The given equation of the ellipse is \(\dfrac{x^{2}}{36}+\dfrac{y^{2}}{16}=1\). Since the larger denominator is under \(x^{2}\), the major axis lies along the \(x\)-axis. Comparing with the standard form \(\dfrac{x^{2}}{a^{2}}+\dfrac{y^{2}}{b^{2}}=1\), we obtain \(a^{2}=36\) and \(b^{2}=16\).

\[ \begin{aligned} a^{2}&=36\\ a&=6\\ b^{2}&=16\\ b&=4\\ c&=\sqrt{a^{2}-b^{2}}\\ &=\sqrt{6^{2}-4^{2}}\\ &=\sqrt{36-16}\\ c&=\sqrt{20} \end{aligned} \]
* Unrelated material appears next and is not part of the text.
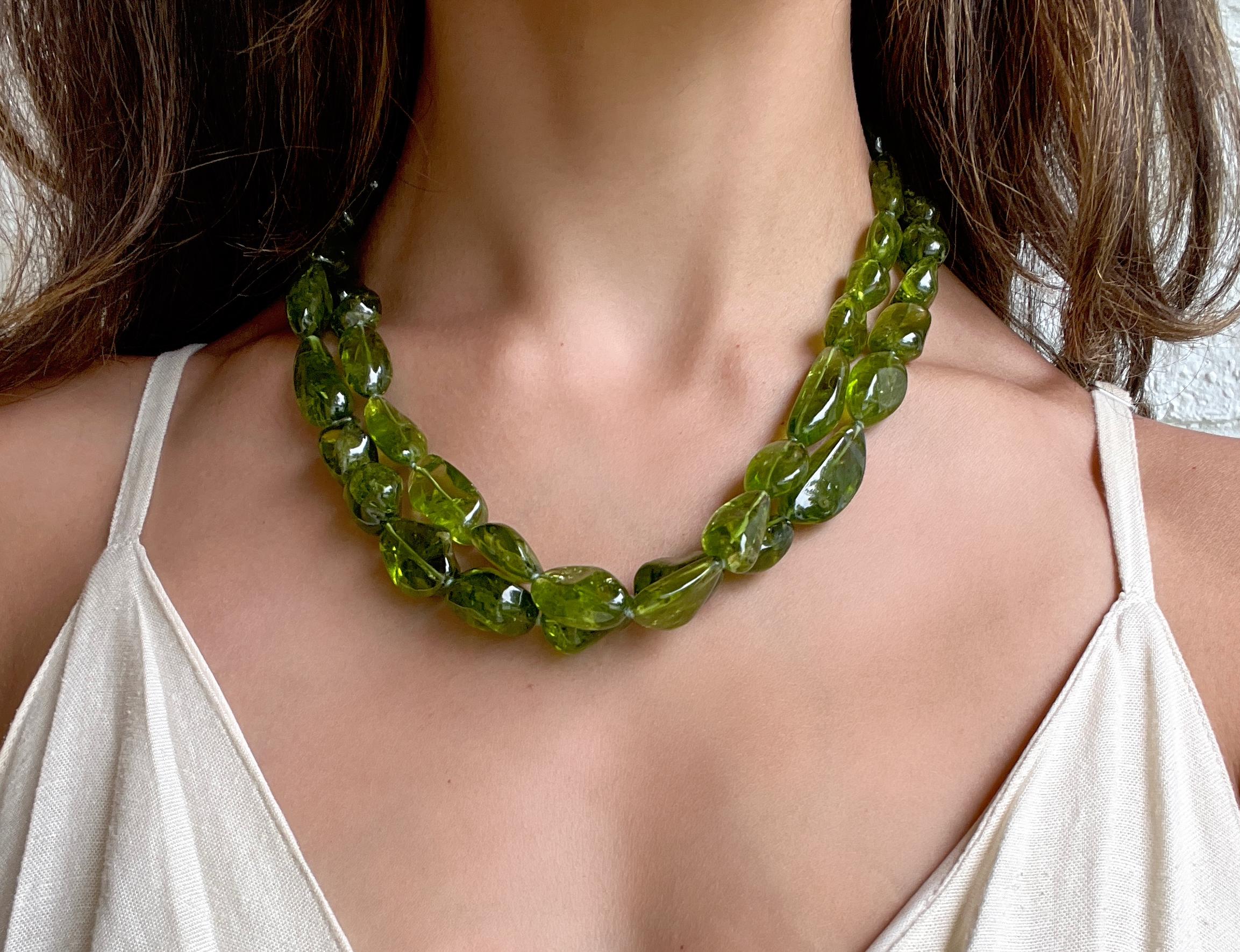 Collana di perle di peridoto a doppio filo in oro 18 carati con chiusura a mano di Faye Kim: le gemme di peridoto erano storicamente chiamate olivine e si ritiene che siano state utilizzate per molte migliaia di anni. Il peridoto è stato a lungo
The foci of an ellipse whose major axis lies along the \(x\)-axis are given by \((\pm c,0)\). Hence, the coordinates of the foci are \[\left(\pm\sqrt{20},0\right)\]

The vertices of the ellipse lie at the ends of the major axis. Therefore, the coordinates of the vertices are

\[ \begin{aligned} (\pm a,0)=(\pm 6,0) \end{aligned} \]

The length of the major axis of an ellipse is equal to \(2a\). Hence, its length is

\[ \begin{aligned} 2a&=2\times 6\\ &=12 \end{aligned} \]

The length of the minor axis of an ellipse is equal to \(2b\). Therefore, the length of the minor axis is

\[ \begin{aligned} 2b&=2\times 4\\ &=8 \end{aligned} \]

The eccentricity of an ellipse is defined as the ratio of the distance of a focus from the centre to the semi-major axis. Thus, the eccentricity is

\[ \begin{aligned} e&=\dfrac{c}{a}\\&=\dfrac{\sqrt{20}}{6}\\ &=\dfrac{\sqrt{5}}{3} \end{aligned} \]

The length of the latus rectum of an ellipse whose major axis lies along the \(x\)-axis is given by \(\dfrac{2b^{2}}{a}\). Hence, the length of the latus rectum is

\[ \begin{aligned} \dfrac{2b^{2}}{a}&=\dfrac{2\times 4^{2}}{6}\\ &=\dfrac{16}{3} \end{aligned} \]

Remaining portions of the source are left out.